The Man In Wolf's Clothing

  The sky above the port was the color of television, tuned to a dead channel. Agent Wilbur Mulligan stood at the edge of the shoddy wooden structure, surrounded by what was once a glorious trade port for early Bostonians. He wore a black suit that made him look like he was hunting aliens and always had his butterscotch colored hair perfectly combed to the left. There was a soft April breeze coming from the shore that bore a distinct smell of oils and heat. 
  He heard a car door from up on the highway behind him. The road was about ten feet above the platform on which he stood, making him uncomfortable with any height advantages one would have on him. He focused on the image of the Russian gangster, Isaac Barishnikov, as his face and outfit began to warp. Within a matter of seconds his stature was shorter and rounded. He no longer looked like a six foot two government agent that was designed on a computer. The accents were rough though. It was the only thing he couldn't change. 
  Three men descended the stone stairway to the platform. All three were in business suits harboring handguns. Wilbur stood there looking as disdainful as possible. The men quickly eyes the large silver briefcase at Wilbur's feet. The man in front had blonde hair and piercing green eyes, making him resemble a serpent of some kind. The other two were large and built much like the one in front but there slick brown hair and sunglasses made them seem unreal. 
  Wilbur had contacted these men in search for a lead on the disappearance of his older brother Garrett. Garrett was Wilbur's partner in a private detective agency that they opened after the second Korean war. They were part of a special experimental unit that did super soldier tests in hope to make the perfect insurgence agent. Only five participants lived through the experiments. The project allowed them to reconfigure the cells in there body to match any figure that they've come into contact with. Two of them were killed in the war. Wilbur, Garrett, and an Asian man named Matsuki were the only survivors.
  "Is it all there?" The serpent man asked. Wilbur just smirked and grunted, picking up the case. He clicked it open to reveal $70,000 in cash. The serpent man smiled and motioned for one of his lackeys to produce something from their jacket.
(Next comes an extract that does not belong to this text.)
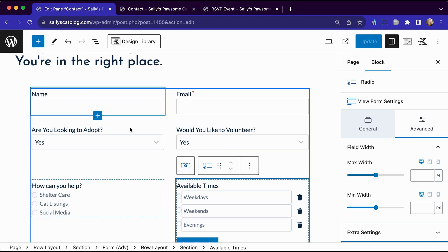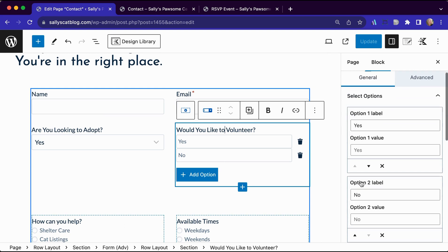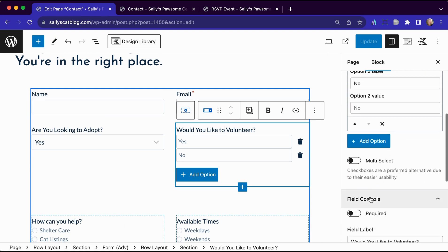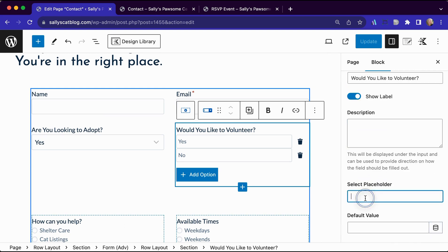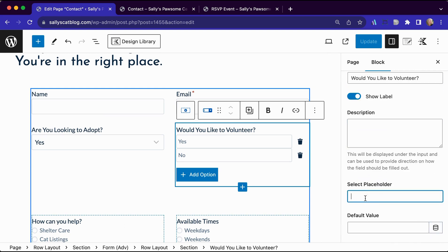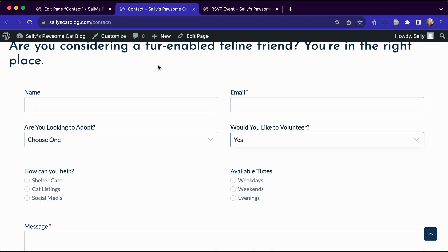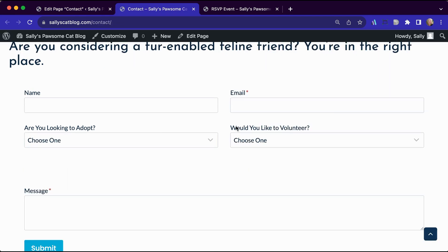So let's go back to our contact form. Let's go to would you like to volunteer. And we see we have yes and no here. Let's go to select placeholder. And we're going to just enter choose one. Now when we update that form and we make sure that page is updated, we head over here.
The man to his right conjured a small envelope and handed to Wilbur. Wilbur handed over the case and gave a slight bow, bidding the men goodbye.
  He quickly opened the envelope as they left, revealing a large stack of pictures of his brother's head, no longer attached to a body. The pictures also showed a man who had butterscotch hair clutching the severed ligament. It suddenly all made since. They had made more and they wanted Wilbur dead. Then there was a chance that his brother left willingly. There was a chance that he could still fix this.
  Just as he was coming to a conclusion on what to do next, he noticed that there had been no car door shut. The men had not left. Something was wrong. He began shuffling through the pictures of gore and bloodshed. There were easily two hundred pictures. Then he found one with something laced into the back. He flipped it over to reveal a paper charge. Paper charges were an advancement made in counter-insurgence that the American government had employed to take out informants without raising alarm. He dropped the sack and ran over to a nearby hovel of boards and boxes. As he ran he twisted his face into one more dirty and hairy, sliding into the hut as if it was the winning hit of the World Series. There was a drastic pull, and then a pop, as Wilbur was thrown twenty feet into the air, landing hard on a pile of trash behind a warehouse off the port. He heard the ring of steel against steel as a far door clanged shut.

1 comment:

  1. Weird: Just when I read "He wore a black suit that made him look like he was hunting aliens," the song "Men In Black" came on Pandora. : ) I really like the scenario you've set up here with the envelope full of pictures and the paper charge, the "drastic pull, then a pop," the pile of trash...really piques the reader's curiosity. I'm glad you enjoyed this activity and that you were so inspired by it. I'll be interested to see where you take this.